Specialized glass to slow down a shooter. Panic buzzers. Electronic locks and high tech cameras.
Enhanced security features have become an urgent priority for Minnesota schools coping with the ongoing threat of mass shootings in their buildings.
Just yesterday, Orono schools were locked down for hours with students hiding in their classrooms, after police learned of threats on social media that a shooting would happen at noon that day. Police arrested one unarmed Orono student at the school, pending felony charges of making terroristic threats.
The lockdown in Orono happened just a week after a school shooting in Florida which claimed 17 lives. In response to that shooting and others nationally, a growing number of Minnesota school districts are investing in new ways to design school buildings to make them safer for students and staff members. School leaders say they’re constantly learning from new mass shootings and adapting to evolving safety concerns.
“Everything we do, we’re trying to study one step ahead of the bad guys,” said Rick Kaufman, executive director of community relations and emergency management coordinator for Bloomington Public Schools — who was also among the first on the scene to render aid to victims during the Columbine High School shooting in 1999.
The Columbine tragedy, along with school shootings closer to home at Rocori High School in Cold Spring, Minn. and at Red Lake High School, have prompted school districts to adopt a national standard for building design known as the Crime Prevention Through Environmental Design (CPTED). The approach seeks to deter crimes by designing safer buildings, inside and out.
Wold Architects and Engineers in St. Paul works with 50 school districts around Minnesota and is now using CPTED elements in their designs to tighten and improve security. Paul Aplikowski, an architect and partner at Wold, said his team works closely with first responders, parents and school safety officials to develop a management plan supported by the structure of a building.
Features like expanded cameras, and wired doors have also become universal. These types of surveillance features, Aplikowski says, make it easier for first responders and school officials to monitor what’s happening inside schools from the outside.
Many districts also have created secure vestibules — a single main entrance that abuts the administration offices to better screen visitors.
Most modern security upgrades are hidden so as not to tip off intruders, Kaufman said. Bloomington Public Schools spends $1 million annually on building safety upgrades.

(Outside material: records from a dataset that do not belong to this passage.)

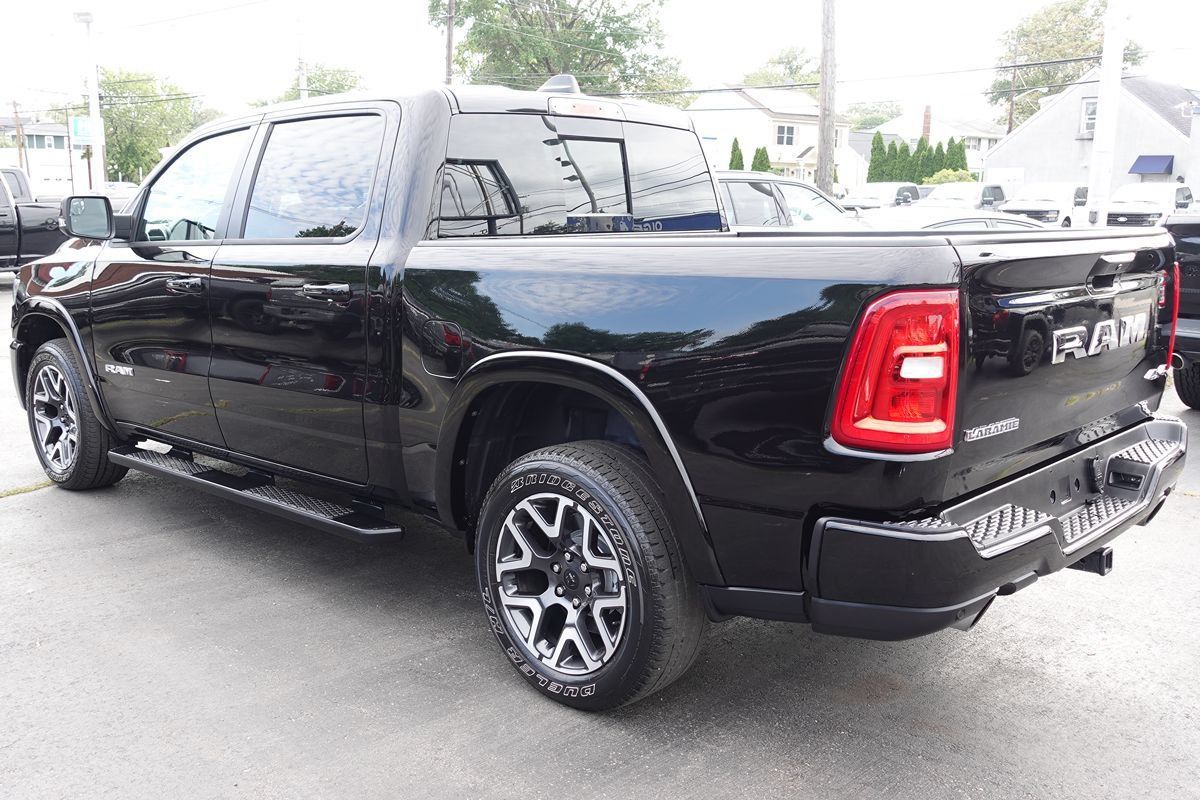 Used 2025 RAM 1500 Laramie AWD/4WD image 2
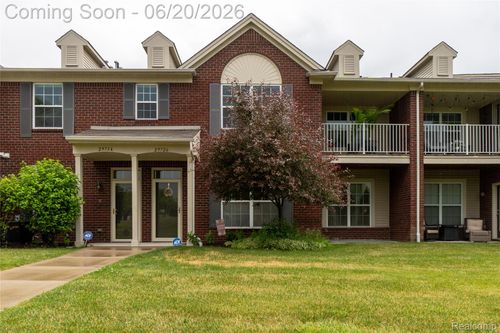 29726 Fox Run Cir, Warren, MI, 48092-6309 | Card Image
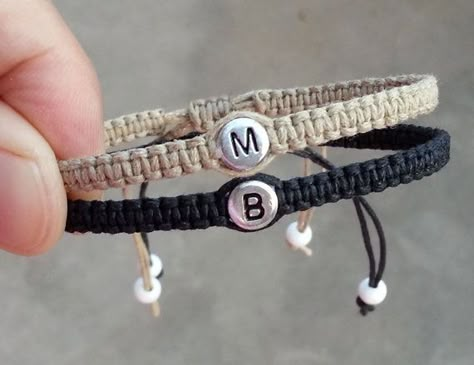 Diy Bracelets To Sell, قلادات متدلية, Bracelets For Boyfriend, Bracelets Handmade Diy, Couples Bracelet, Couple Bracelet, Diy Bracelet Designs, Friendship Bracelets Diy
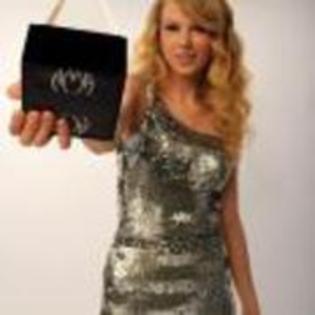 24419469_RLVEZTTLD - taylor swift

Anoka-Hennepin, the largest school district in the state, is devoting $133 million over the next four years to make its schools more secure. The district is preparing to demolish 62 portable classrooms and will replace them with additions connected to the main building. In addition, two new elementary schools will be constructed, featuring the latest security upgrades.
At Coon Rapids High School, the district’s oldest building, the main entrance will be moved near the administration offices, and the academic wing will be separated from the fieldhouse and the auditorium to restrict access to classrooms.
To prevent what occurred in 2012 at Sandy Hook Elementary in Connecticut — a former student shot through a window to enter the school — school districts like Anoka-Hennepin and Bloomington school districts have added treated glass. Experts say the specialized glass is not bullet proof, per se, but it holds up better than regular glass, taking up to 12 minutes to breech it. That’s enough time to get first responders on the scene.
Also becoming more common: wired doors that send an alarm if they’re propped open. These upgraded doors can be checked with security cameras. Administrators can then decide whether they want to call for a lockdown. School districts are also installing keyless doors, allowing first responders to rush in with an access card.
Many school districts, including Bloomington, have installed emergency alarm systems within arms-reach for office staff.
Gary Lee, deputy executive director of the Minnesota School Boards Association, said his board is toying with the idea of situating armed resource officers at all schools. Meanwhile, Osseo school board chairman Robert Gerhart this week proposed placing armed volunteers in schools to keep students safe.
But experts warn that building reinforcements alone do not guarantee safety and can create a prisonlike environment.
“It would not be hard to turn a school into a very enclosed bunker,” Aplikowski said. “But the number one question schools need to wrestle with is how much they want to educate kids in that very closed environment.”
Randy Johnson, director of the Minnesota School Safety Center, helps school districts strike that balance by helping create more secure and welcoming access controls. During his walkthroughs, he touts positive school culture and urges schools to display posters inside to encourage good behavior. For the exterior, he recommends good signage, visible marquees, and enhanced lighting for better visibility among other things.
But now, Johnson says, school districts yearn to learn about swifter evacuation tactics that involve reuniting students with their families much quicker in a crisis.
Kaufman said schools’ safety strategy should also include training, drills, prevention and intervention plans.
For example, Anoka-Hennepin has enlisted the help of a local chapter of Sandy Hook Promise, a nonprofit that helps school officials detect the signs of socially isolated students. Other districts like Osseo have adopted new training approaches such as the ALICE — alert, lockdown, inform, counter and evacuate — method.
“We’re all hooked together on this issue,” said Jim Skelly, spokesman for the Anoka-Hennepin School District. “Nobody wins by doing better than anybody else, we all have to do it well.”